From the line containing "Алмазное сверло DISTAR" through the last line below, copy every line exactly, leaving out the pictures.

Scraped caption text data:
========================================

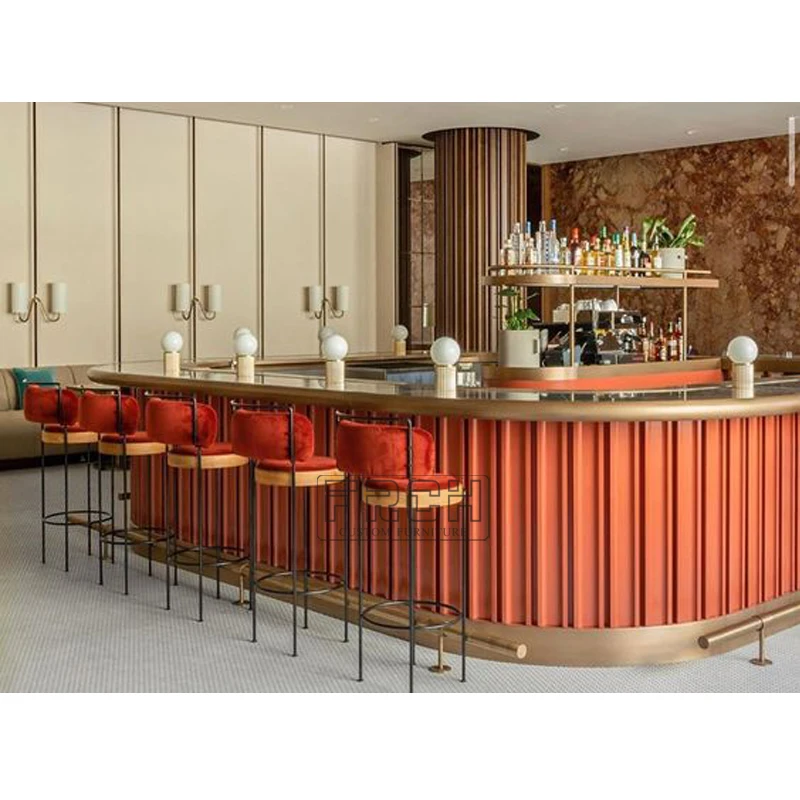 

Мебель для баров и ресторанов на заказ: современный дизайн барных стоек из дерева для пабов, ночных клубов, кафе и ресторанов.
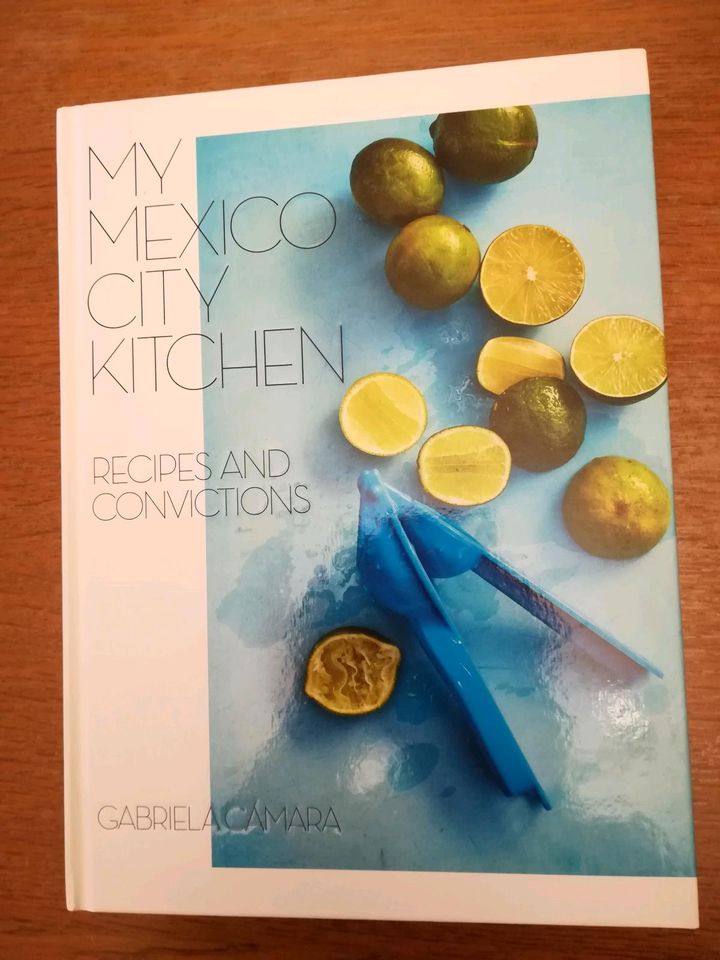 Kochbuch My Mexico City Kitchen, englische Fassung in Essen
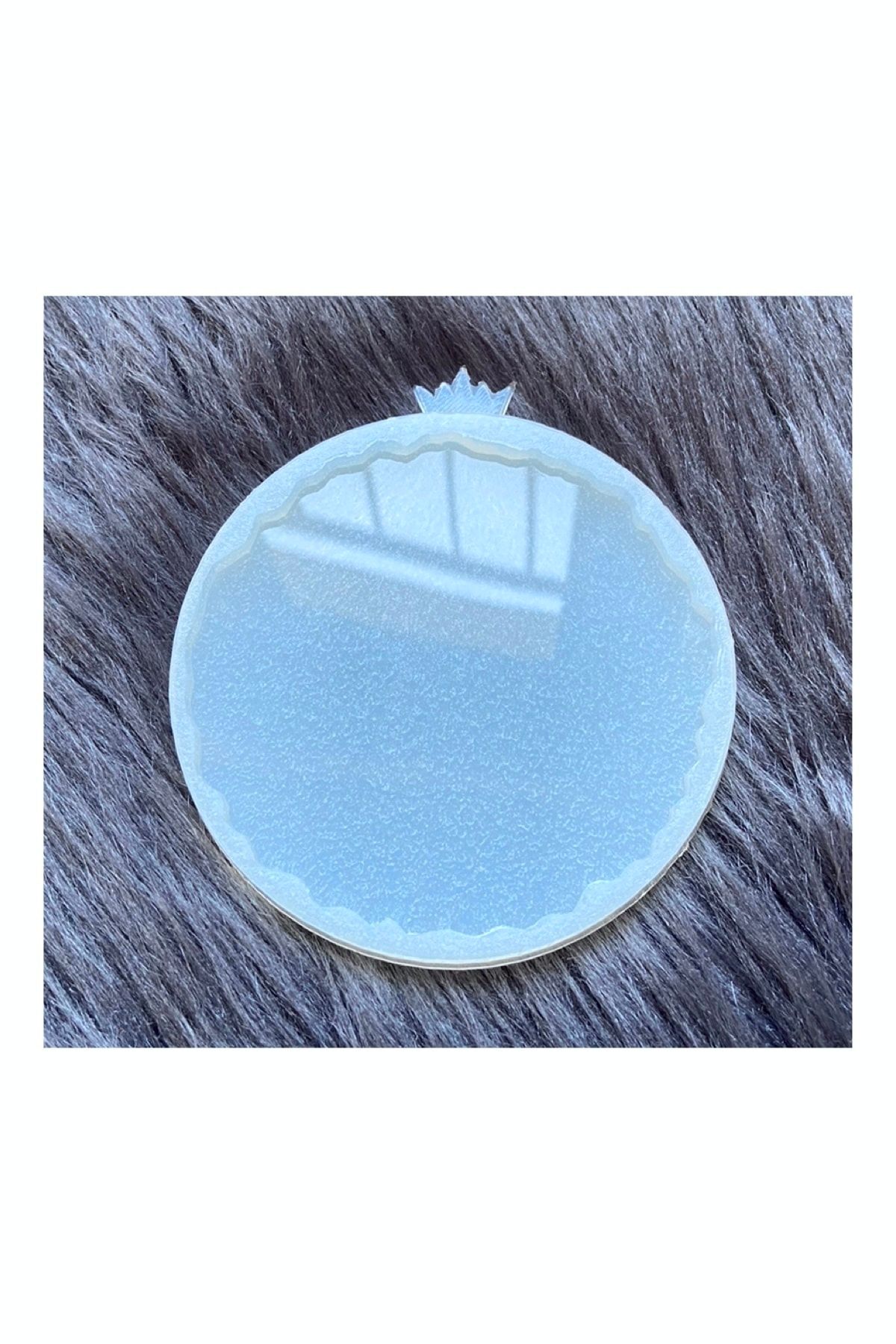 Epoksi Kalıp Epoksi Reçine Geode Silikon Kalıbı 10x10cm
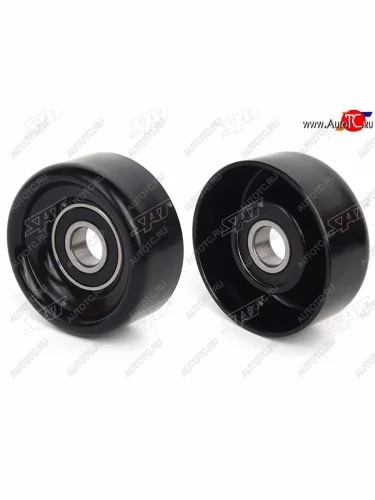 Ролик приводного ремня натяжителя HYUNDAI I20I30SOLARISKIA SOULVELOSTER 06- SAT ST-25281-2B000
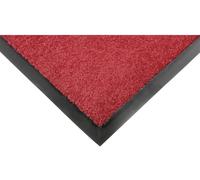 Tapis dentrée anti-poussières rouge 1,5m x 0,9m COBA Europe PP030002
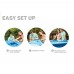 Каркасный бассейн круглый INTEX Prism Frame Pool 366х99см (комплект) 26716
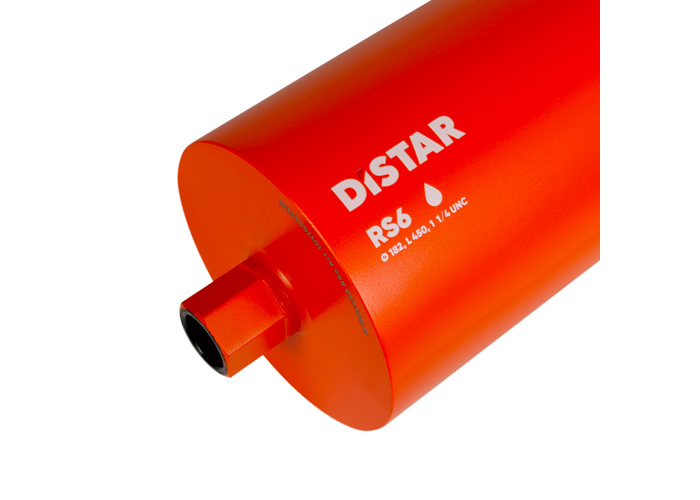 Алмазное сверло DISTAR DDS-W 152x450-11x1 1/4 UNC DLD 152 RS-TX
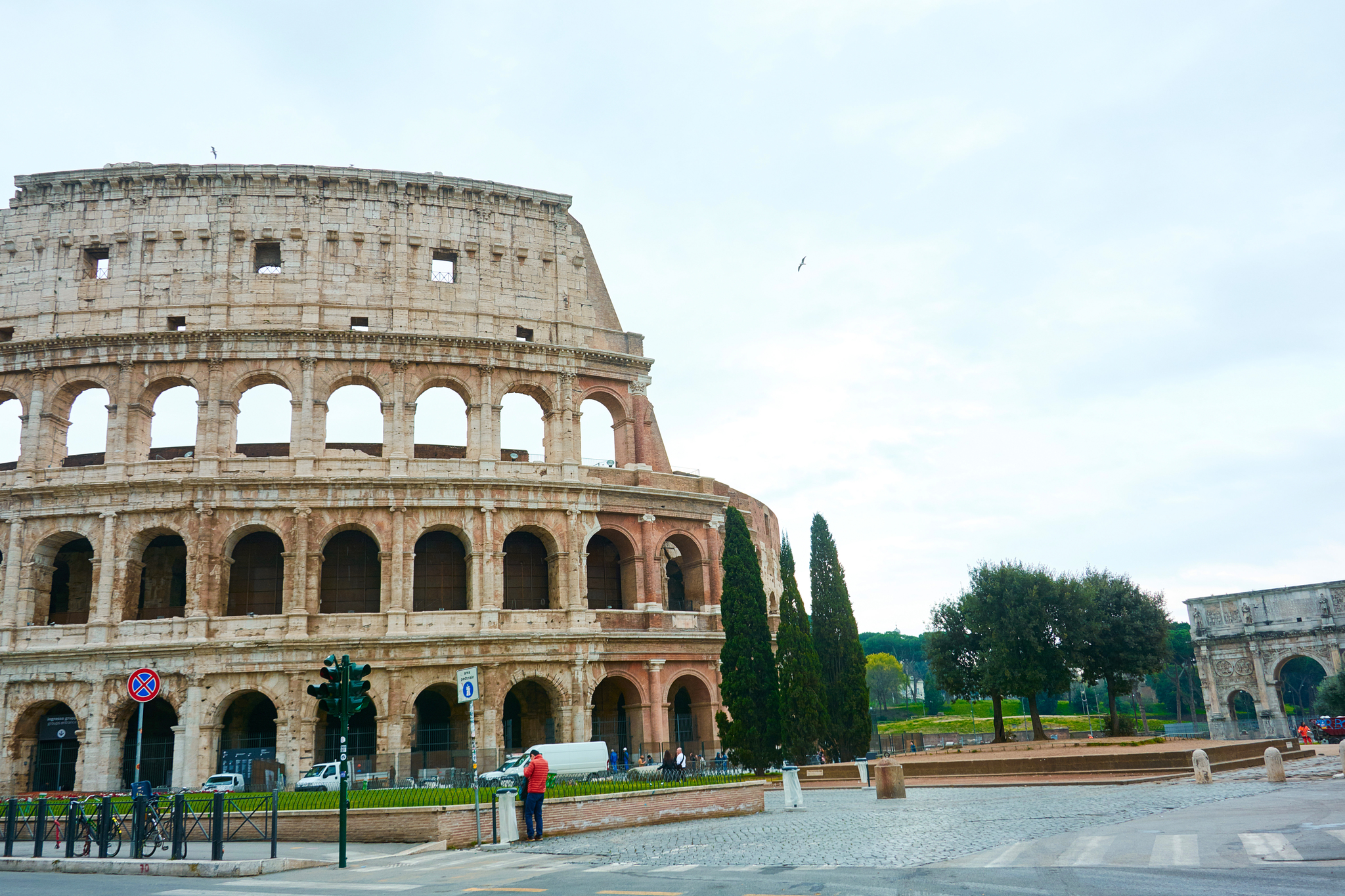 Colosseum in the eternal city of Rome - My, Rome, Coliseum, Italy, Lazio, The photo, Report, Longpost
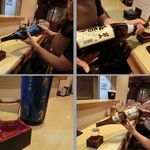 ちろり - 2015'10/8　蒼田九百円、男山七百円、杜氏鑑七百円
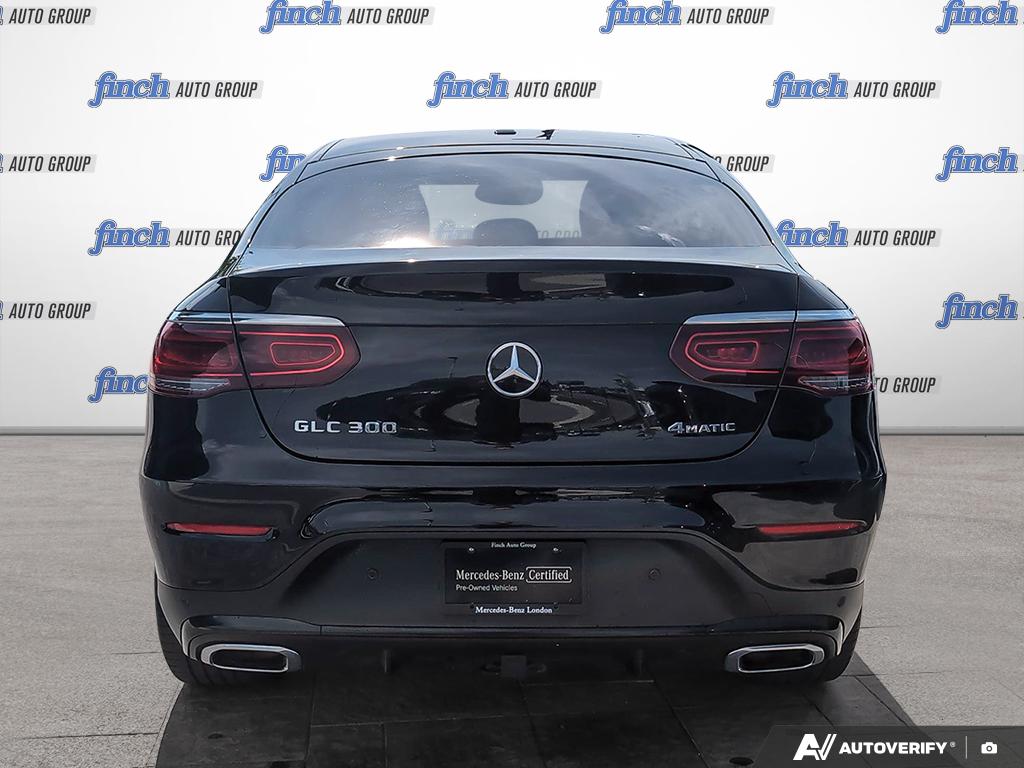 used 2023 Mercedes-Benz GLC 300 car, priced at $48,900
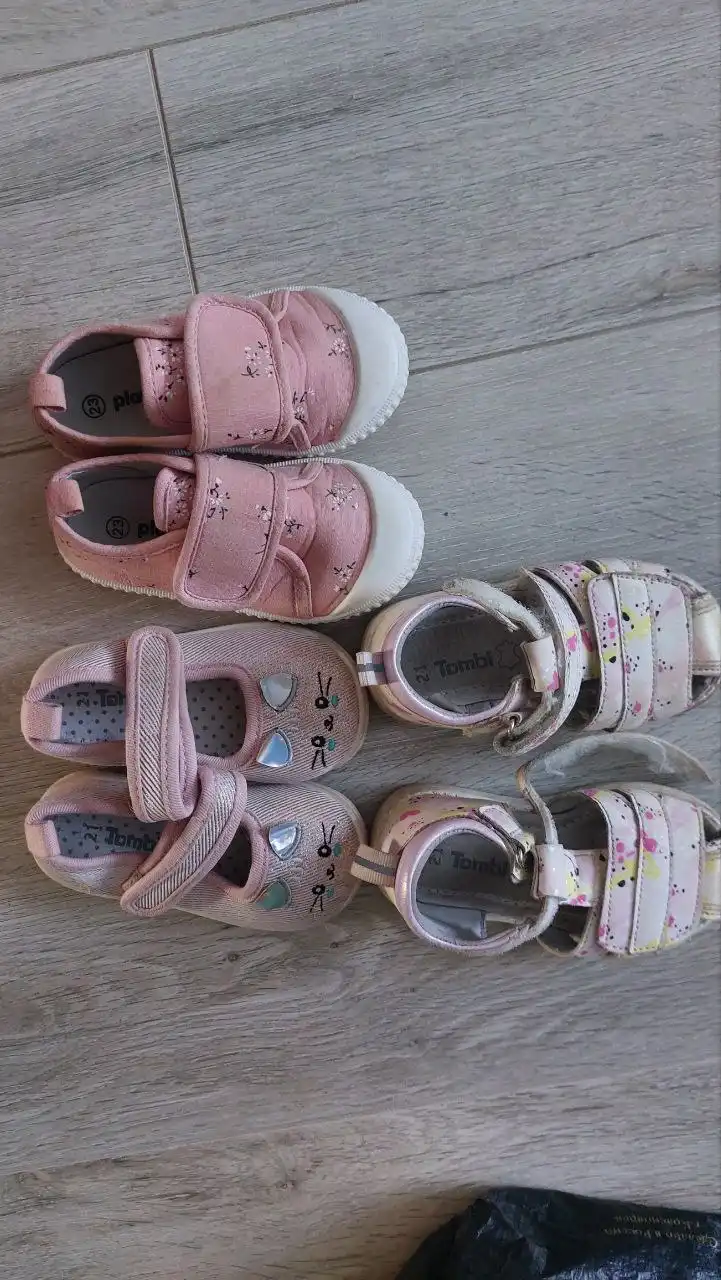 Детская обувь 21 и 23 размер - Обувь (Товары для детей) в Братск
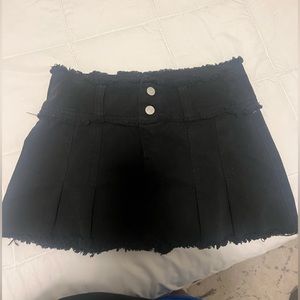 Pacsun pleated mini skirt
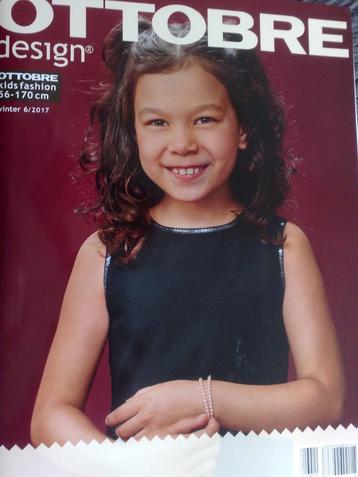 Ottobre design kids fashion winter nr. 6 / 2017 beschikbaar voor biedingen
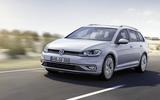 2017 Volkswagen Golf facelift revealed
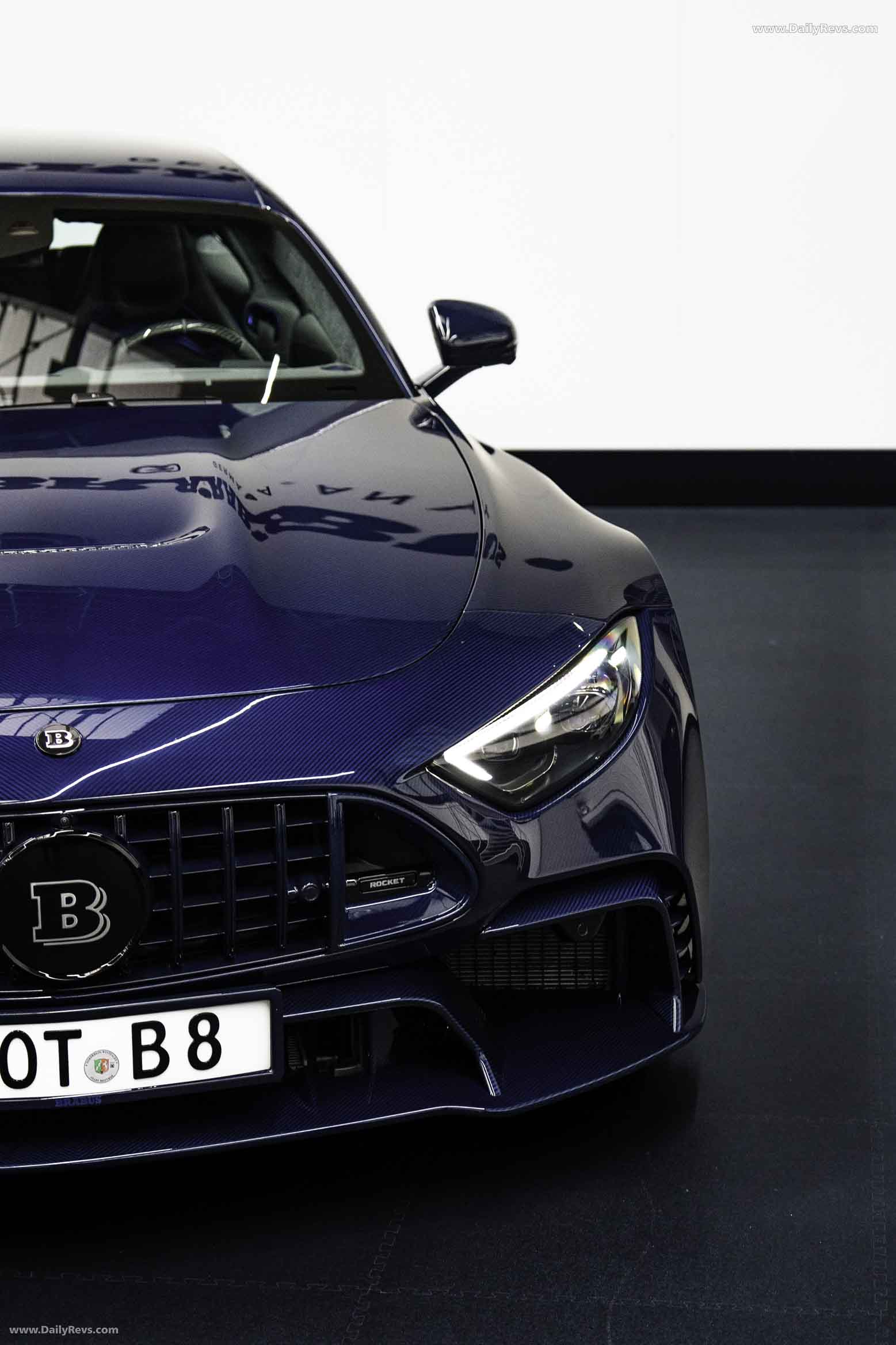 2026 Brabus Rocket GTS Deep Blue Exterior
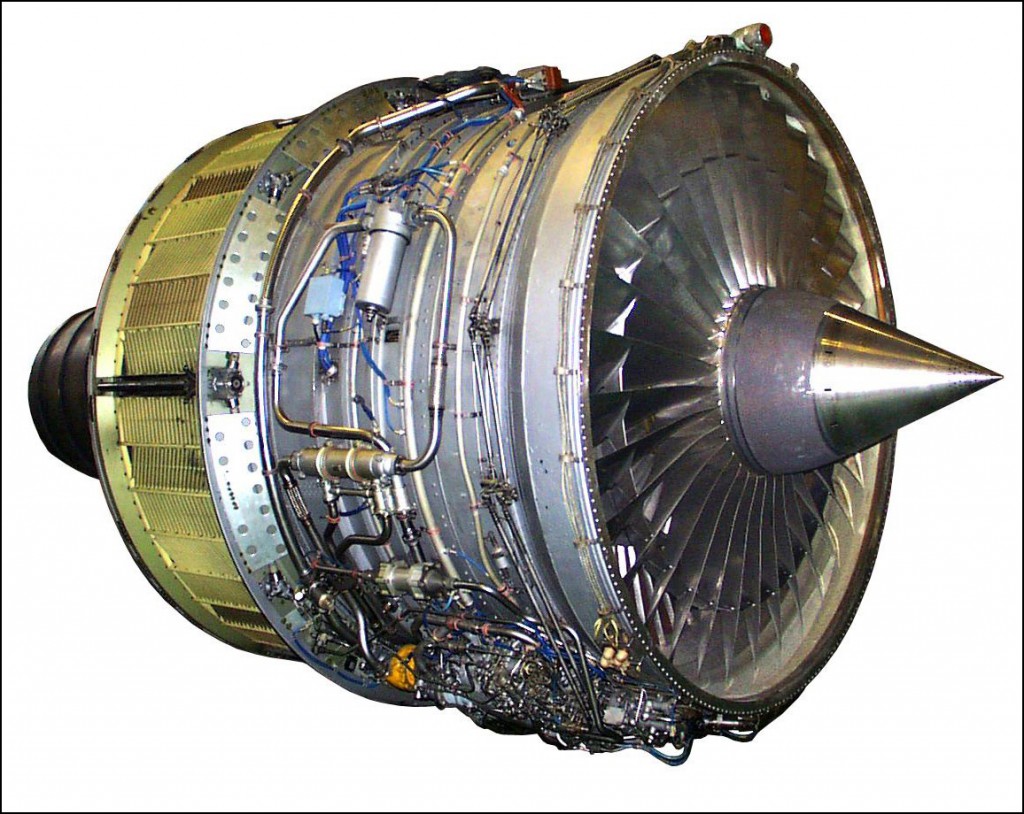 Турбовентиляторный двигатель (ТВРД) и его дальнйшее развитие - турбовинтовентиляторный двигатель (ТВВД). Экономичность + тяга.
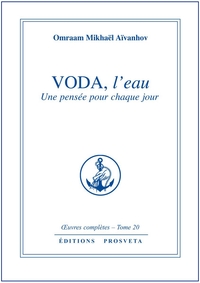 VODA, L'EAU - TOME 20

========================================

Expected answer:
 Алмазное сверло DISTAR DDS-W 152x450-11x1 1/4 UNC DLD 152 RS-TX
 Colosseum in the eternal city of Rome - My, Rome, Coliseum, Italy, Lazio, The photo, Report, Longpost
 ちろり - 2015'10/8　蒼田九百円、男山七百円、杜氏鑑七百円
 used 2023 Mercedes-Benz GLC 300 car, priced at $48,900
 Детская обувь 21 и 23 размер - Обувь (Товары для детей) в Братск
 Pacsun pleated mini skirt
 Ottobre design kids fashion winter nr. 6 / 2017 beschikbaar voor biedingen
 2017 Volkswagen Golf facelift revealed
 2026 Brabus Rocket GTS Deep Blue Exterior
 Турбовентиляторный двигатель (ТВРД) и его дальнйшее развитие - турбовинтовентиляторный двигатель (ТВВД). Экономичность + тяга.
 VODA, L'EAU - TOME 20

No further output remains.